* DATA FOR THIS TASK:
Content starts

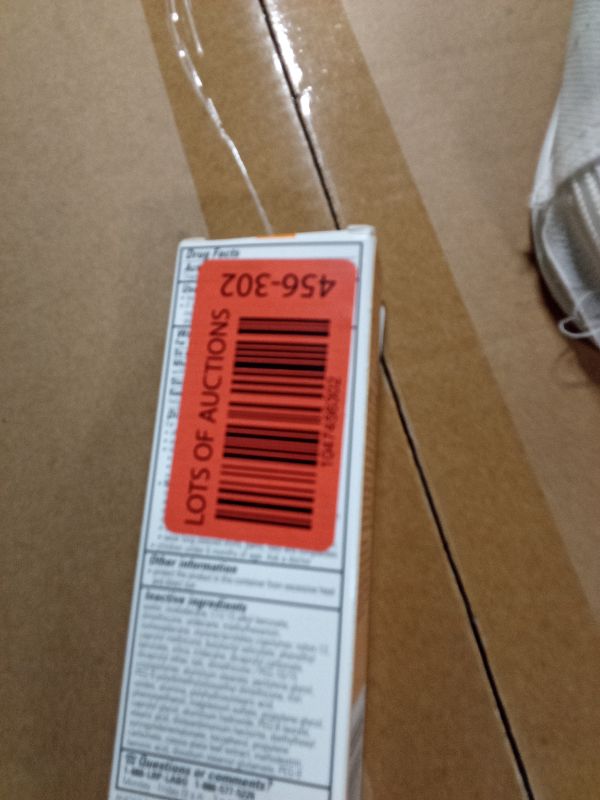 Photo 1 of La Roche-Posay Anthelios Tinted Sunscreen SPF 40+, Broad Spectrum SPF + Antioxidants, Titanium Dioxide & Zinc Oxide Sunscreen, 4 Flexible Shades With No White Cast, Oil Free & Oxybenzone Free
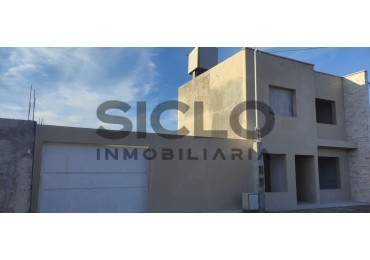 Tu Nuevo Comienzo Empieza Aqui: Estrena Casa en Barrio Alberdi, San Rafael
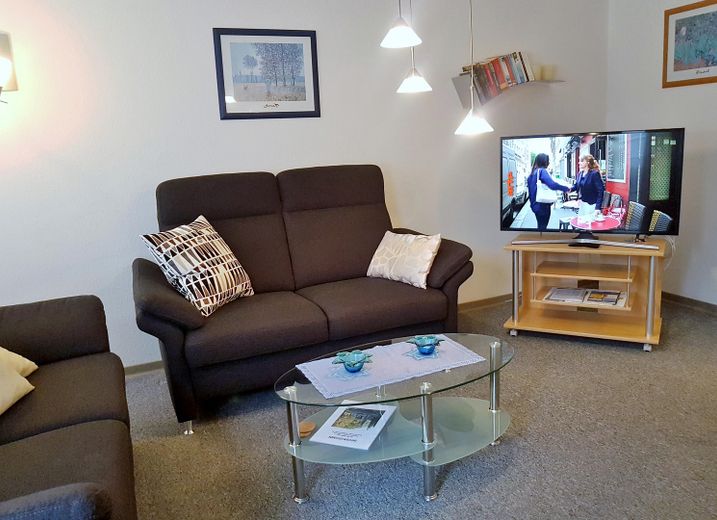 Güvenli sermaye yatırımı: Popüler bir tatil bölgesinde tam mobilyalı daire. – Wohnzimmer mit TV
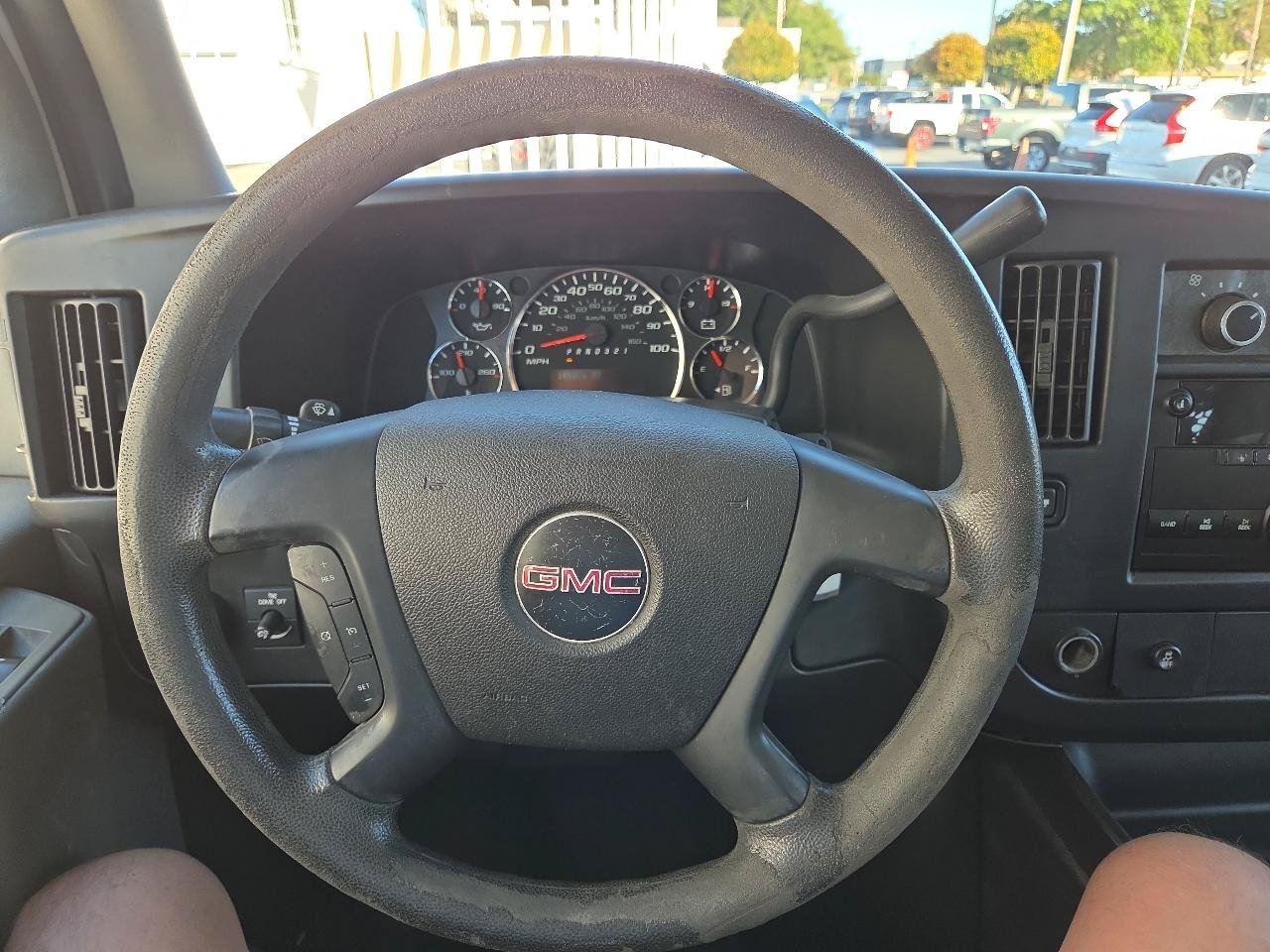 Used 2014 GMC Savana 1500 RWD image 10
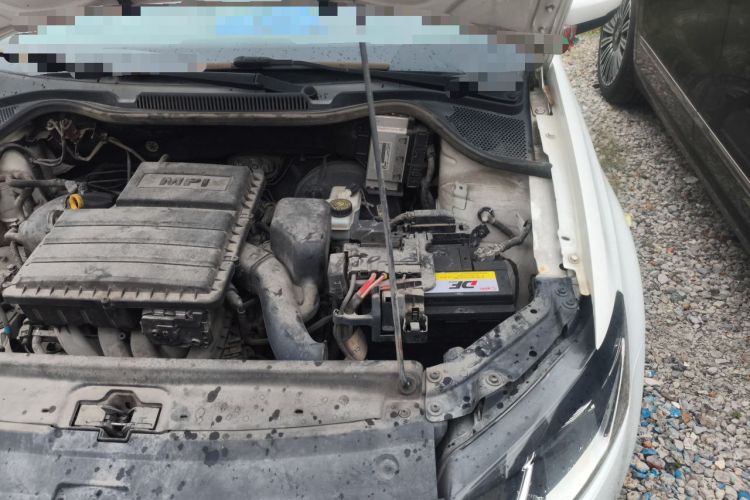 Used Volkswagen Polo 2016 1.6L Automatic Luxury Model Engine Bay Left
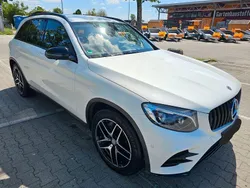 Weiß Gebraucht 2016 Mercedes GLC220 AMG line SUV | 22.999 € (Guter Preis)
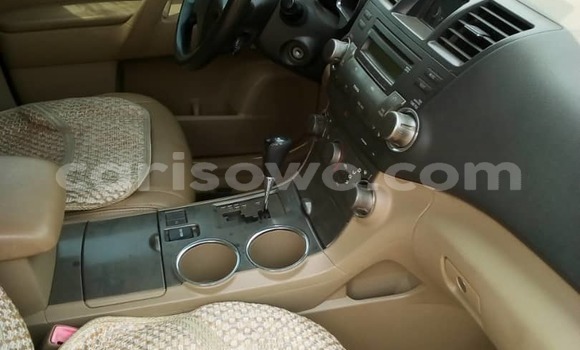 Buy Used Toyota Highlander Green Car in Cotonou in Benign Buy Used Toyota Highlander Green Car in Cotonou in Benign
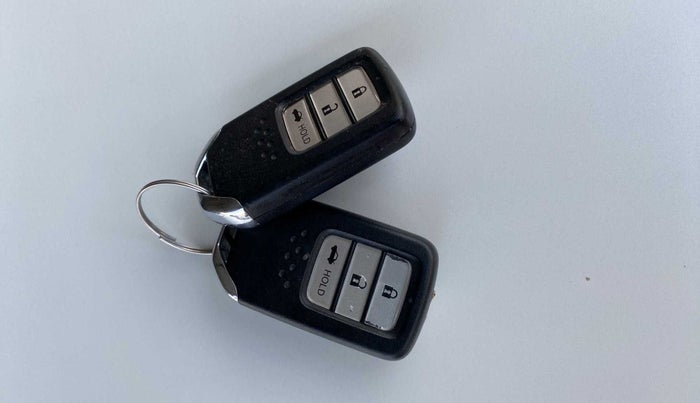 2021 Honda City 1.5L I-VTEC VX, Petrol, Manual, 7,411 km, Key Close Up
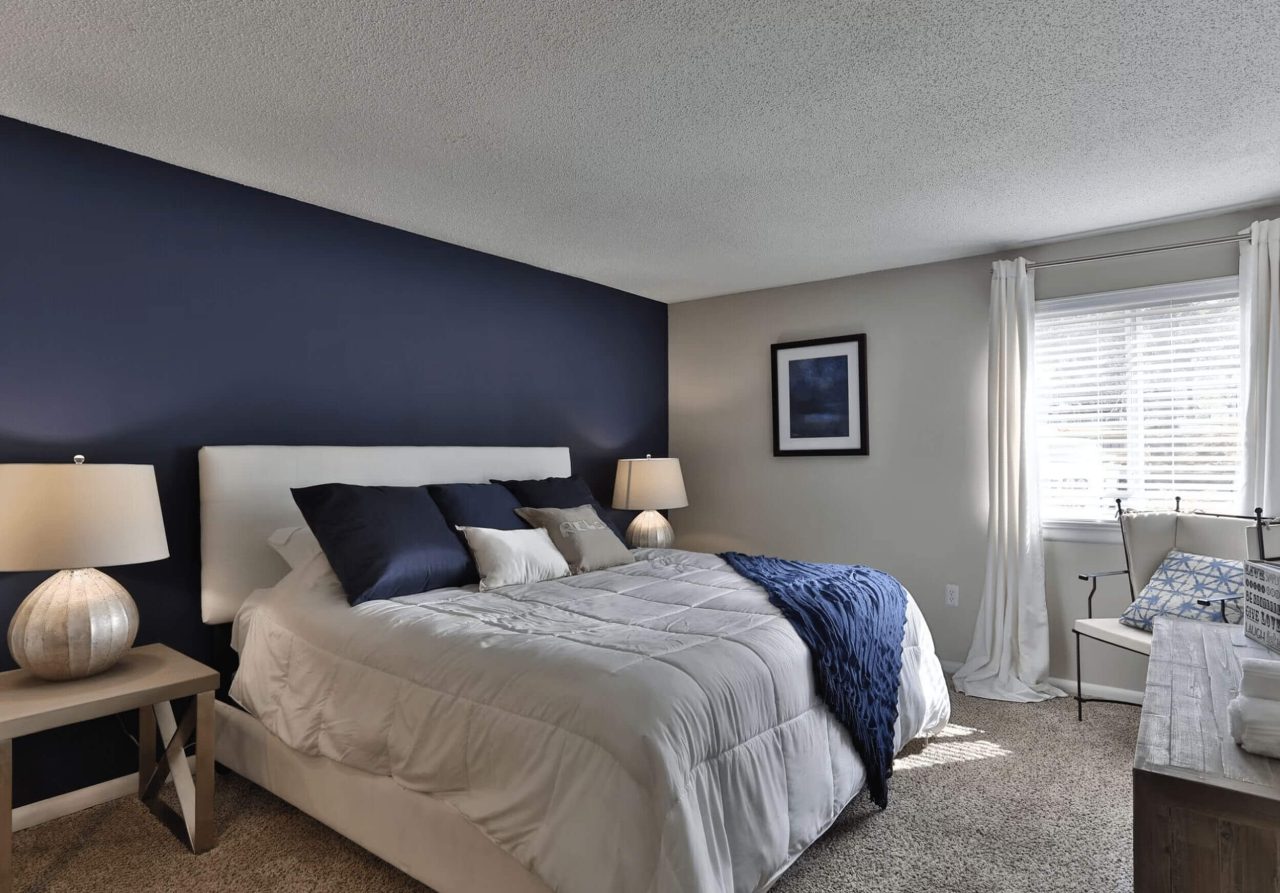 Bedroom at Cobalt Springs apartments in taylors SC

Content ends

* WHAT IS NEEDED: Please set the records down again exactly as written. The pictures should not be included.

* REPLY TO THE EXERCISE:
 Photo 1 of La Roche-Posay Anthelios Tinted Sunscreen SPF 40+, Broad Spectrum SPF + Antioxidants, Titanium Dioxide & Zinc Oxide Sunscreen, 4 Flexible Shades With No White Cast, Oil Free & Oxybenzone Free
 Tu Nuevo Comienzo Empieza Aqui: Estrena Casa en Barrio Alberdi, San Rafael
 Güvenli sermaye yatırımı: Popüler bir tatil bölgesinde tam mobilyalı daire. – Wohnzimmer mit TV
 Used 2014 GMC Savana 1500 RWD image 10
 Used Volkswagen Polo 2016 1.6L Automatic Luxury Model Engine Bay Left
 Weiß Gebraucht 2016 Mercedes GLC220 AMG line SUV | 22.999 € (Guter Preis)
 Buy Used Toyota Highlander Green Car in Cotonou in Benign Buy Used Toyota Highlander Green Car in Cotonou in Benign
 2021 Honda City 1.5L I-VTEC VX, Petrol, Manual, 7,411 km, Key Close Up
 Bedroom at Cobalt Springs apartments in taylors SC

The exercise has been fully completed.